— Directions for this task —
Set every entry below down once more, exactly as it stands, without images.

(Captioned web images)
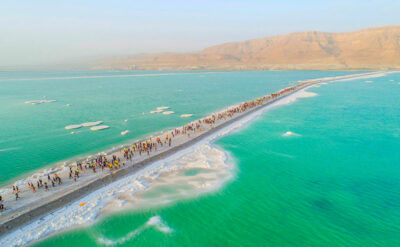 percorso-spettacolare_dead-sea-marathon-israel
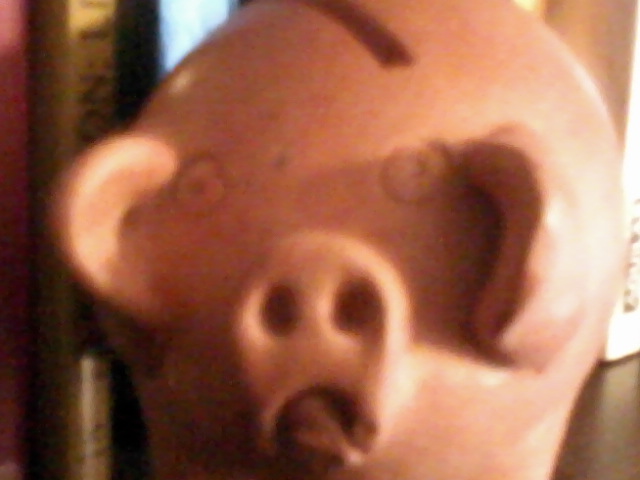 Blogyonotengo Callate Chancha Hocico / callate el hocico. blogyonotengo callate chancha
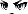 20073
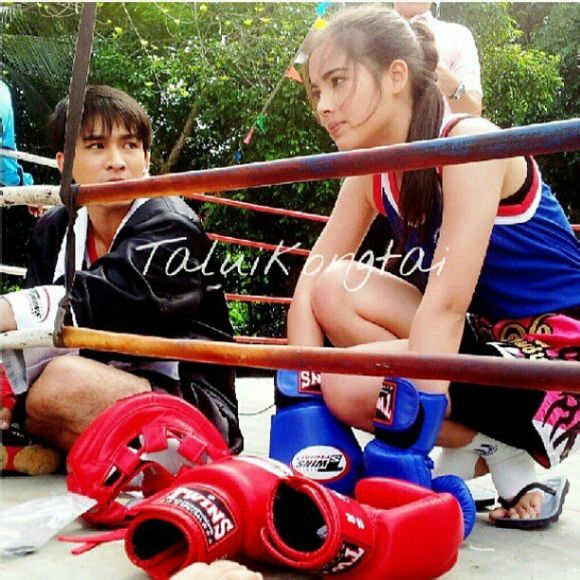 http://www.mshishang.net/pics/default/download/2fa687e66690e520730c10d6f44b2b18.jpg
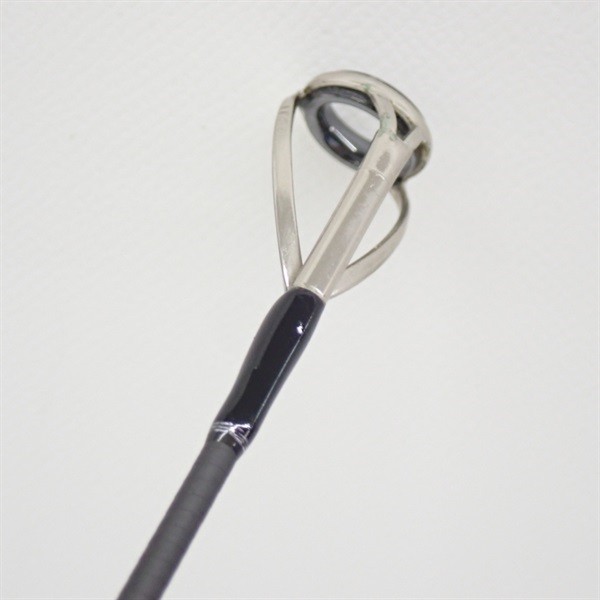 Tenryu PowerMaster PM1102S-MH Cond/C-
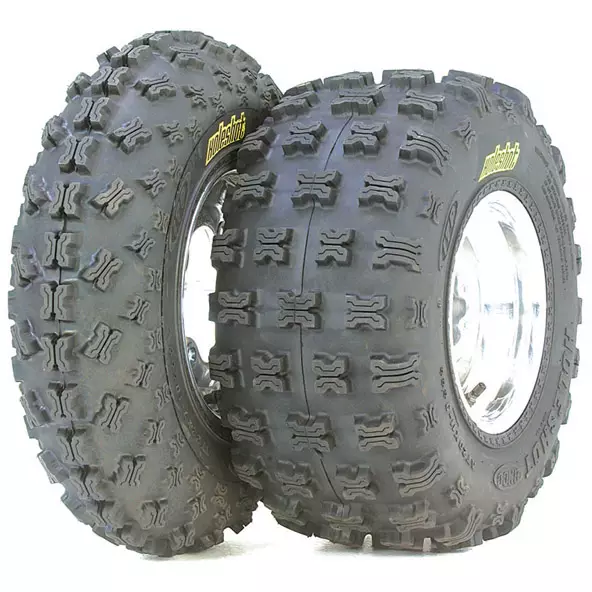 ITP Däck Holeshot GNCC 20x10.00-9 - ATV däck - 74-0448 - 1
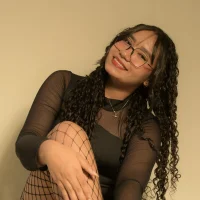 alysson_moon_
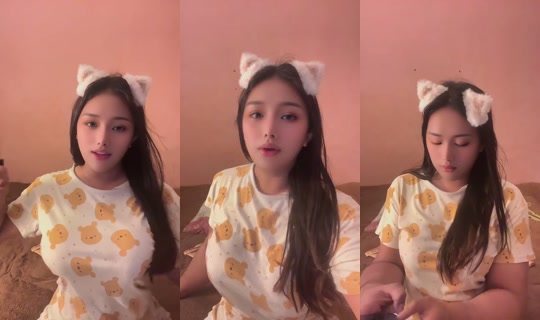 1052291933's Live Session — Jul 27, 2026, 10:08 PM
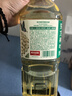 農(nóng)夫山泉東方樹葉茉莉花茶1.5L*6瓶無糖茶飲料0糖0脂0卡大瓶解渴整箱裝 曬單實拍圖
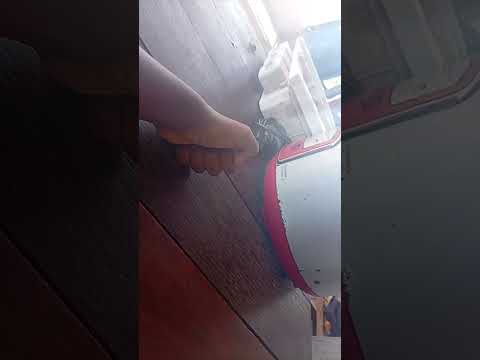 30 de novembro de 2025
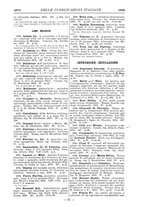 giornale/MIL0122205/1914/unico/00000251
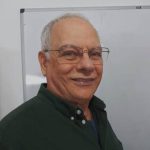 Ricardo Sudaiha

— Answer space —
 percorso-spettacolare_dead-sea-marathon-israel
 Blogyonotengo Callate Chancha Hocico / callate el hocico. blogyonotengo callate chancha
 20073
 http://www.mshishang.net/pics/default/download/2fa687e66690e520730c10d6f44b2b18.jpg
 Tenryu PowerMaster PM1102S-MH Cond/C-
 ITP Däck Holeshot GNCC 20x10.00-9 - ATV däck - 74-0448 - 1
 alysson_moon_
 1052291933's Live Session — Jul 27, 2026, 10:08 PM
 農(nóng)夫山泉東方樹葉茉莉花茶1.5L*6瓶無糖茶飲料0糖0脂0卡大瓶解渴整箱裝 曬單實拍圖
 30 de novembro de 2025
 giornale/MIL0122205/1914/unico/00000251
 Ricardo Sudaiha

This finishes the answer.